----- Source information -----

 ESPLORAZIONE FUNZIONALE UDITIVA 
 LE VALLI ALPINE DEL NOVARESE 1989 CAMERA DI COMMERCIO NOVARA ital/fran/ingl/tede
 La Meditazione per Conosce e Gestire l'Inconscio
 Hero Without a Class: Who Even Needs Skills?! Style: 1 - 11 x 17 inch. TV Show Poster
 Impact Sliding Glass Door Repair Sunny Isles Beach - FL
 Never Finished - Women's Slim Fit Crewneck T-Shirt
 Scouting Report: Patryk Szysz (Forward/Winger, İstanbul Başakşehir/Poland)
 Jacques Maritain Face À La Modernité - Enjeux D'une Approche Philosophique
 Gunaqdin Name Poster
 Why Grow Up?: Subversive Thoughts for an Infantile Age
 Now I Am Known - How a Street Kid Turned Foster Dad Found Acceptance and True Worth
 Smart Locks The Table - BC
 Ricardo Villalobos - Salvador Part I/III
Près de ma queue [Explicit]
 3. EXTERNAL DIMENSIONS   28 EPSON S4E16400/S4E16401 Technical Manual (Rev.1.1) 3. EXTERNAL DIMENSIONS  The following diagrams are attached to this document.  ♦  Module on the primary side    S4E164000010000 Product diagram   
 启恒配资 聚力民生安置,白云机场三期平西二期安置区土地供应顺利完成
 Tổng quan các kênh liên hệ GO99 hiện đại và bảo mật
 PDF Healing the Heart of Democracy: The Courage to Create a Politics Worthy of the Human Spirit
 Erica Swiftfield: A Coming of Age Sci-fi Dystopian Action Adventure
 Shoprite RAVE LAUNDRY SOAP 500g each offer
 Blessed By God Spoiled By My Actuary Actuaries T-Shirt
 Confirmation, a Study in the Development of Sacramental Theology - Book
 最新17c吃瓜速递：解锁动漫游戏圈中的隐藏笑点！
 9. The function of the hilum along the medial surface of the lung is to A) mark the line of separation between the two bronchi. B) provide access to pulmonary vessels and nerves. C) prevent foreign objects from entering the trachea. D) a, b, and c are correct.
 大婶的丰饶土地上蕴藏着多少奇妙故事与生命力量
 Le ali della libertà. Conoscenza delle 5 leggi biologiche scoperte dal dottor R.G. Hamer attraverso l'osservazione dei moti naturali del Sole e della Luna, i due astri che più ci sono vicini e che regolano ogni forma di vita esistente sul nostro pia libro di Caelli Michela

-----

What lines in the data above carry "Poster"? Return them all.

Exercise response =
 Hero Without a Class: Who Even Needs Skills?! Style: 1 - 11 x 17 inch. TV Show Poster
 Gunaqdin Name Poster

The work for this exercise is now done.